[WORKING DATA — start]
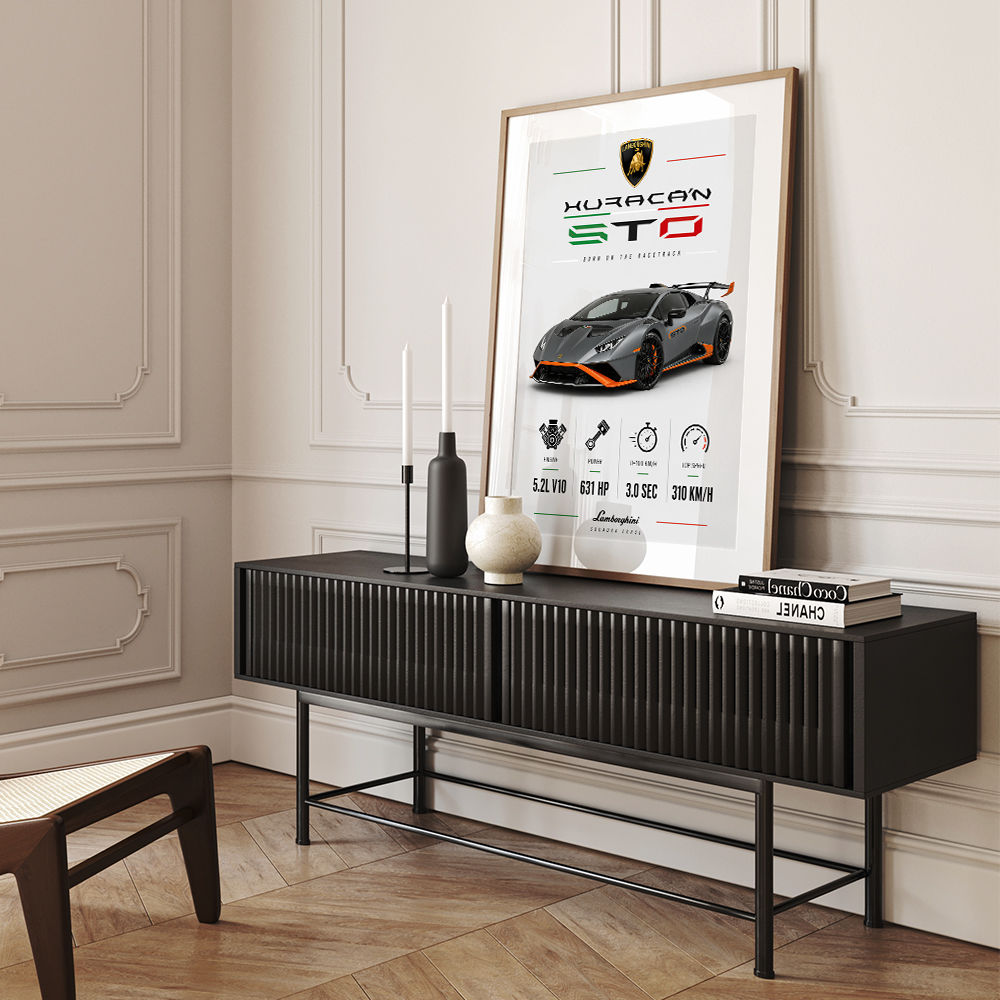 Lamborghini Huracan Gray Orange Wall Art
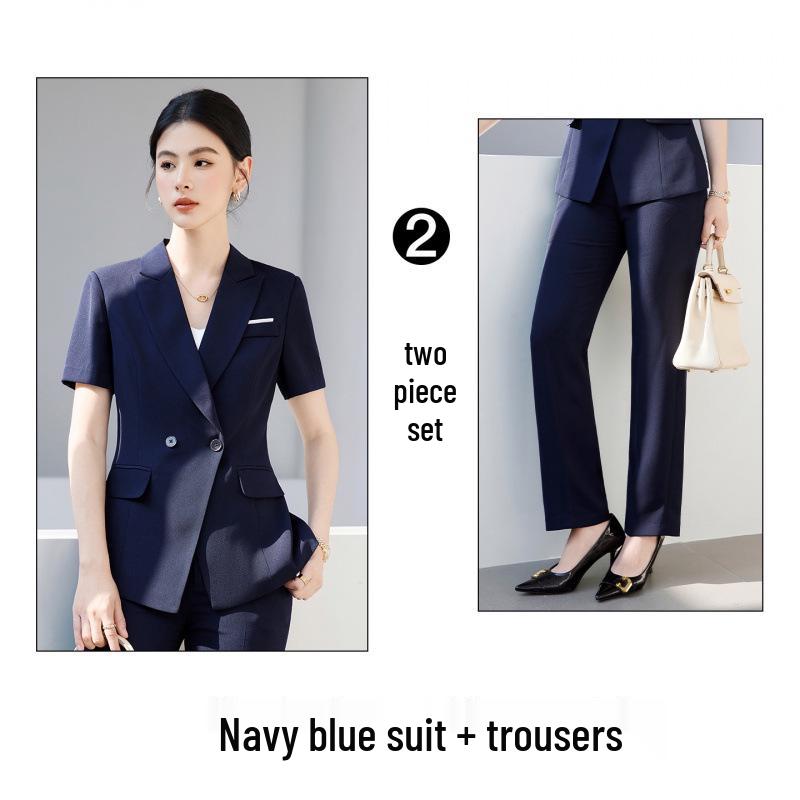 Women's Summer Short-Sleeve Suit for Elegant Professional Look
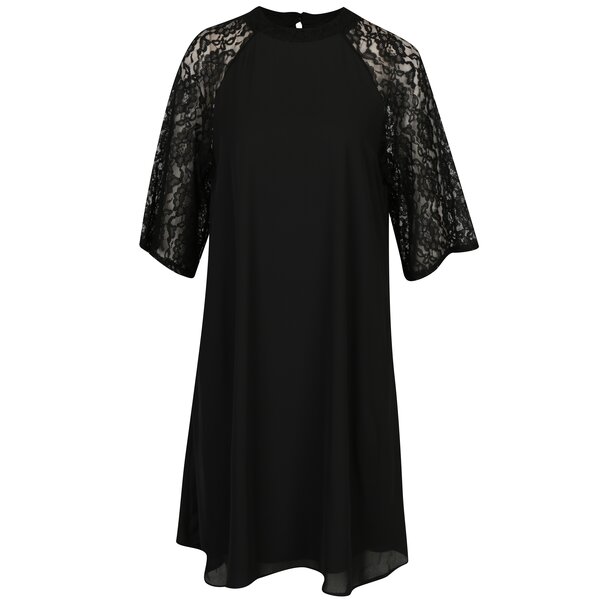Rochie neagra cu maneci 3/4 din dantela Broadway Sarita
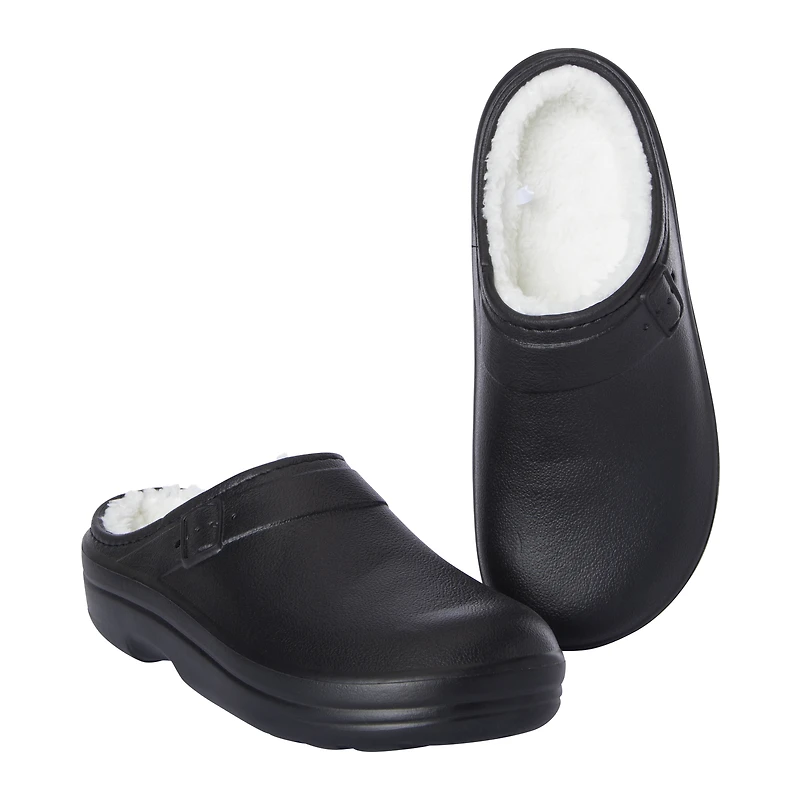 ladies olive sherpa-lined EVA clogs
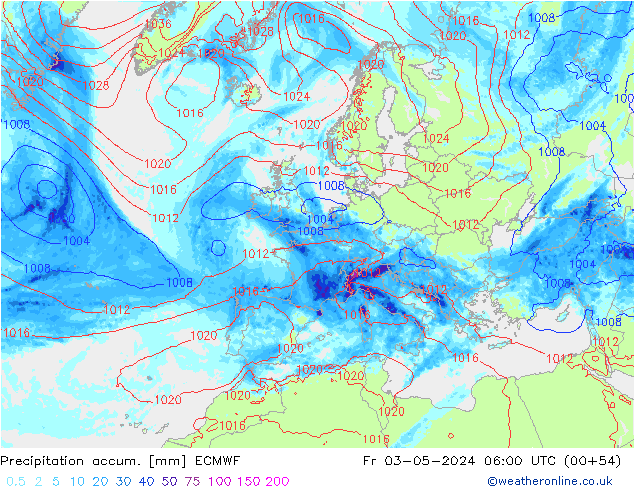 Nied. akkumuliert ECMWF Fr 03.05.2024 06 UTC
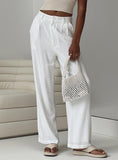 Bomve-Brenda Linen Blend Pants White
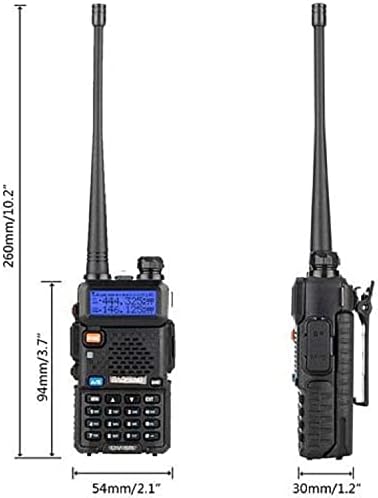Baofeng UV-5R Двустранно радио Двухдиапазонная радиостанция 144-148/420-450 Mhz 1800 mah Литиево-йонна батерия (черен)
[WORKING DATA — finish]
- _PROBLEM_
Pictures are to be left out; otherwise, copy exactly each line from the one containing "ladies olive sherpa-lined EVA clogs" through the last line of the listing.

- _ANSWER SPACE_
 ladies olive sherpa-lined EVA clogs
 Nied. akkumuliert ECMWF Fr 03.05.2024 06 UTC
 Bomve-Brenda Linen Blend Pants White
Baofeng UV-5R Двустранно радио Двухдиапазонная радиостанция 144-148/420-450 Mhz 1800 mah Литиево-йонна батерия (черен)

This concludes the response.